For the life of me, I’ve never been able to understand the overwhelming hype for Metroid that so many have. I’ve played Super Metroid to completion, I’ve toyed around with all three Prime entries, and I even played the most recent “proper” game in Metroid: Samus Returns, which I found to be overwhelmingly mediocre. Even our own reviewer of the game agreed with me on that final point (bless you, Lou Contaldi).
So when Metroid Prime 4 was revealed at E3 2017 and the entire Los Angeles Convention Center felt like it was going to cave in on itself due to the screaming and yelling from everyone in the building, I was left confused. Why does everyone love this series so much? What is it that I’m not “getting” about Metroid? Is this the most that a JPEG image of a game title has ever excited so many people at once?
Every Metroid game that I have played has always felt drastically underwhelming to me compared to other titles in its own genre. If we’re comparing the two titans that essentially created the “Metroidvania” genre with Castlevania: Symphony of the Night and Super Metroid, then I easily fall on the side of SOTN being vastly superior — and I don’t think it’s really close at all. I think what’s always stood out to me most about Metroid is the aesthetic of the worlds that it offers. This hybrid of ancient and futuristic looking designs all throughout the many locations seen in the Metroid series is great. Combined with each game’s soundtrack, which I have increasingly been turned on to more and more over the last six months, and I really enjoy the overall vibe of each game.
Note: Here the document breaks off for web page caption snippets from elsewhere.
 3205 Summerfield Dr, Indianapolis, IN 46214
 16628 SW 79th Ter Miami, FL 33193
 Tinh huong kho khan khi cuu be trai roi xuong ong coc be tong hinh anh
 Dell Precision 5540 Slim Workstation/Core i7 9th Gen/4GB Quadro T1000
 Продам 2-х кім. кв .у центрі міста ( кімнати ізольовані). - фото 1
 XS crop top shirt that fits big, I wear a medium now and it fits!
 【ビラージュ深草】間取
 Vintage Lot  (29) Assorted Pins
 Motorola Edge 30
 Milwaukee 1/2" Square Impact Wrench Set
The act of playing Metroid games though I think is where I get lost. All in all, I just don’t think they’re great Metroidvania games–ironic, I know–because the rewards they give the player for exploring the world never feel worthwhile. When I first played through Super Metroid a few years back, this was my biggest issue with the title. Every upgrade in the game felt so underwhelming. More missile capacity and health? That’s cool I guess.
Outside of the main path suit upgrades that you need in order to beat Super Metroid, the ones tucked away in the game’s nooks and crannies felt so bland and meaningless, especially after a certain point — I don’t really need 200+ missiles, but okay. A Metroidvania game needs to provoke players to want to explore, in my opinion, and this is something that a Metroid game has never once instilled in me.
If I’m being honest, the one thing I love above else that Metroid has given us is Ridley in Super Smash Bros. Ultimate — and not just because of the memes. Somehow, when Smash Ultimate ended up releasing a became a Ridley main of all things. I love that dragon boy as if he was my own son and I have thoroughly enjoyed launching my friends off of the stage with his side-B over the past month or so since release. Ridley is great. Metroid as a whole is fine.
This article is less of me expressing happiness at the expense of others about today’s announcement that Metroid Prime 4 has now been delayed indefinitely by Nintendo, and more just me asking out loud what it is that I’m not getting here. Why is Metroid so beloved? And why should I be left feeling crestfallen after the delay of Metroid Prime 4? I acknowledge that today’s move for Nintendo is certainly frustrating, but it’s not one that personally hurts me. I kind of wish it did, though.
I want Metroid Prime 4 to turn out incredibly well. Despite having a somewhat negative attitude towards the franchise in this piece, I’ll likely be there day one playing the new Prime with all of you. I want Metroid Prime 4 to be my “aha!” moment where this series finally clicks with me on another level. In fact, I’m hoping that in the interim, Nintendo now brings the Metroid Prime Trilogy to Switch so that I can give those games another go.
Despite being one of Nintendo’s and all of gaming’s most iconic franchises, Metroid has never once resonated with me to the point where I’d put it alongside other all-time greats. The Metroid franchise is one that I have respect and reverence for purely because of its name, but that’s about it. It’ll likely be quite a long time until Metroid Prime 4 is playable on my Switch at this point, and that’s fine with me. I’m more than content with playing other (better) games in the interim.